Precisamos nos dedicar mais ao ensino, treinamento e capacitação dos membros, transformando-os em discípulos amadurecidos
À semelhança da igreja apostólica, como igreja adventista, queremos e precisamos crescer; pois a expansão da igreja significa a expansão do Reino de Deus. Contudo, para que a igreja cresça em número e na influência sobre o mundo, é preciso haver crescimento espiritual na vida de cada membro. Afinal, “a menos, porém, que os membros da igreja de Deus hoje estejam em viva associação com a Fonte de todo o crescimento espiritual, não estarão prontos para o tempo da ceifa. A menos que mantenham suas lâmpadas espevitadas e ardendo, deixarão de receber a graça adicional em tempos de especial necessidade”.[1]
Percepções distorcidas
Porém, necessitamos atentar para alguns fatores que dificultam o crescimento cristão individual. Um deles é a influência da coletividade. Nesse caso, a pessoa não empreende seu crescimento (cf. Fp 2:12), aguardando uma ação coletiva nesse sentido. Caso imagine que nada está acontecendo na igreja, o indivíduo envereda pela frustração.
A expectativa por acontecimentos coletivos faz com que a igreja comece a olhar para si mesma, com a tendência de se concentrar em uma espiritualidade egoísta. Assim, perde o foco, paralisa e eventualmente morre.[2]
Há também o fator da transferência de responsabilidade. A maioria das pessoas sofre sob o peso da luta pela sobrevivência, somando-se a isso a expectativa clientelista estimulada pelo consumismo. A primeira parte produz fadiga da vontade. No segundo caso, vê-se a igreja como agência prestadora de serviços. Por isso, muitos a procuram em busca de receber um “empurrão espiritual”, para melhorar. Se não recebem o que esperam, as pessoas sucumbem à frustração, esquecidas de que cada pessoa é responsável pela iniciativa do próprio crescimento espiritual.[3]
Um pensamento fatalista, com feições de crenças medievais, também contribui para o retardamento do crescimento espiritual. A máxima: “Quem tem, já o tem instantaneamente” marca o cristianismo estagnado.
Quando pessoas creem que há uma espécie de predestinação embutida na conversão, excluindo o empenho individual na busca do conhecimento de Jesus e Seu propósito para a vida, são levadas à estagnação espiritual. Ocorre que, quando as pessoas que alimentam essa percepção observam outras tendo vida espiritual abundante, atribuem a essas o status de escolhidas ou privilegiadas, descartando assim o empenho na manutenção do relacionamento com Cristo.

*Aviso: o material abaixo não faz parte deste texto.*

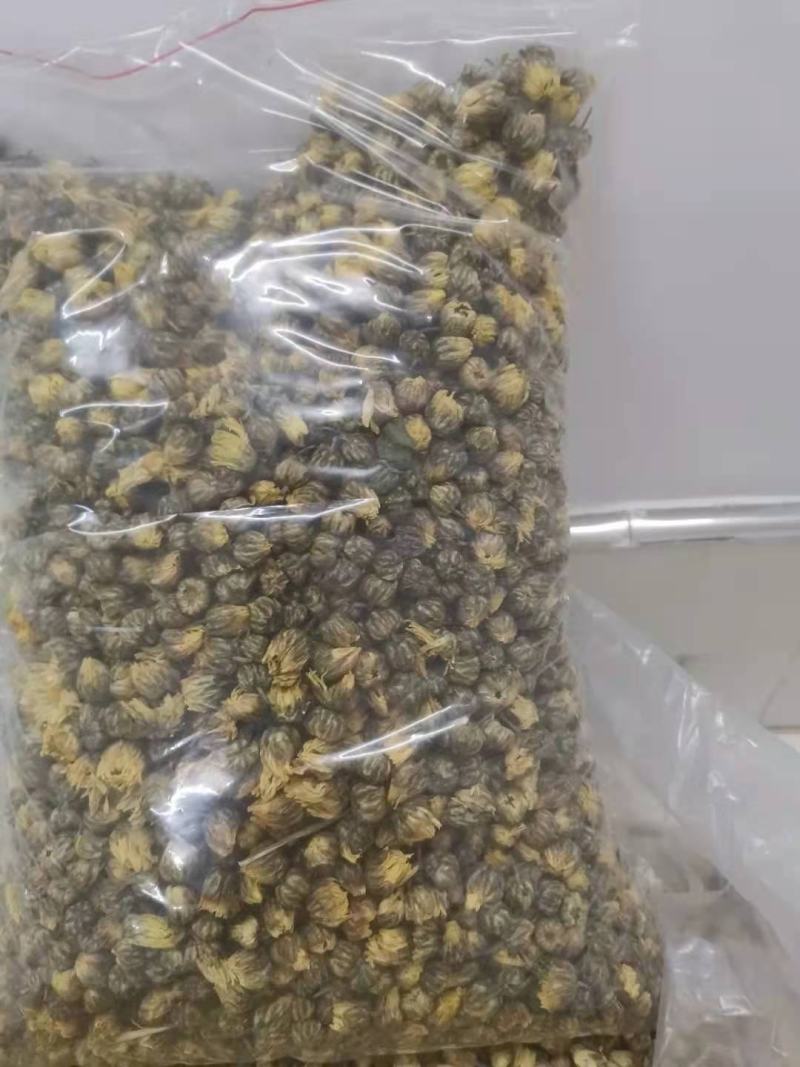 胎菊茶罐装袋装都有量少也批发新货胎菊杭白菊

Outro fator que impede o crescimento individual é a atitude de espectador dos acontecimentos, em vez de agente deles. Somos espectadores de tantos fatos, que nos acomodamos à ideia de assisti-los. Esse comportamento pode ser atrativo e sedutor, mas é altamente nocivo para o crescimento espiritual.
Inveja espiritual é outro obstáculo para o crescimento cristão. Por um lado, o desejo de ser ou ter o que outros têm ou são pode ser um estímulo, mas também pode se tornar pedra de tropeço. A cobiça gera diferentes males que minam a base da experiência pessoal com Deus. Cada cristão é único, e Deus tem um plano para cada um de nós. Descobri-lo requer persistência, confiança, submissão, perseverança e fidelidade crescente.
O cristianismo vigoroso está fundamentado sobre dois aspectos: Busca intensiva de Cristo, como Salvador e Senhor, e dedicado empenho na tarefa que Ele nos confiou (cf. Tg 2:14, 17, 18, 20, 22, 24, 26). Quem atuar nessas duas frentes experimentará vigor e crescimento espiritual, e desfrutará a vida abundante prometida por Jesus (Jo 10:10).
Crescimento passo a passo
M. Scott Peck descobriu que, na caminhada espiritual, as pessoas se movem por quatro fases. Diz ele: “Assim como existem fases discerníveis no desenvolvimento físico e psicológico do ser humano, assim também há fases no crescimento espiritual.”[4] De acordo com Peck, as mencionadas fases são estas:
Anomia. É a fase em que a pessoa não quer saber de Deus ou tem apenas vaga percepção dEle e da religião. O centro da vida é o “eu”, e qualquer coisa que coopere para a satisfação dele pode ser aceita. Nessa moldura está incluído o cristão que usa Deus como item de consumo para satisfação própria.
Ao andar sem luz (cf. Sl 119:105), esse cristão tropeça, machucando-se bem como aos demais. Em prejuízo do bom funcionamento das engrenagens da vida e dos relacionamentos, acumulam-se pecado e culpa. O caos estabelecido gera cansaço, por causa das feridas deixadas atrás de si; mas, nesse ponto, pode ter início uma transição.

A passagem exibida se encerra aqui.